It is now just over 10 years since the decision was made to cut the salary of so-called ‘new-entrant’ consultants by 30 per cent. The move was announced on 17 September 2012 by then Minister for Health James Reilly. Essentially, it created a two-tier salary system for consultants in public hospitals. The salary cut has been blamed repeatedly by medical representative bodies for fuelling doctor emigration over the past decade and being the prime factor in the inability to fill vacant posts.

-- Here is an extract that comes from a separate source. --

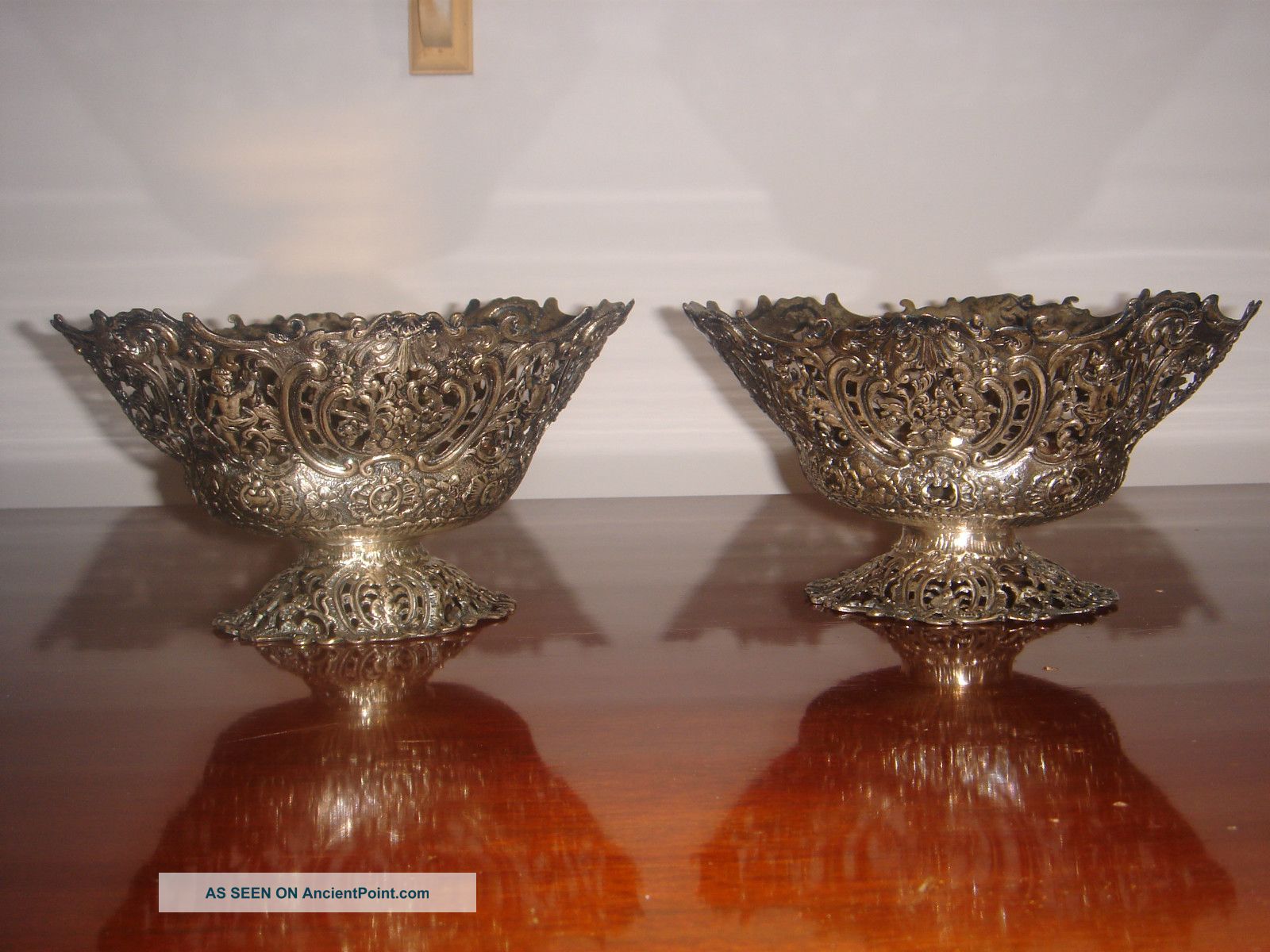 Amazing Pair Antique French 26 Oz.  Sterling Silver Decorative Baskets Other photo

On the 10-year anniversary of the announcement, Prof Matthew Sadlier of the IMO consultant committee said it was one of the most damaging health policy decisions taken by any Government.
“The consequences have been entirely negative and are demonstrated most clearly by the fact that we have almost 900 vacant or temporarily filled consultant posts and dangerously long waiting lists, which are causing significant risks for patients and negative health outcomes,” according to Prof Sadlier.
“This policy has been a disaster for our patients and our health services. We simply do not have enough consultants to meet the need of patients in a timely manner.”
Prof Sadlier pointed out that successive Ministers for Health have committed to ending the pay cut.
However, this issue has failed to be addressed to date and he said the “inevitable consequence of the policy continues today”.
In a statement before the recent IHCA Annual Conference, which was held earlier this month and is covered in this issue of the Medical Independent (MI), the new President of the Association Prof Robert Landers referred to the past 10 years as a “decade of turbulence”.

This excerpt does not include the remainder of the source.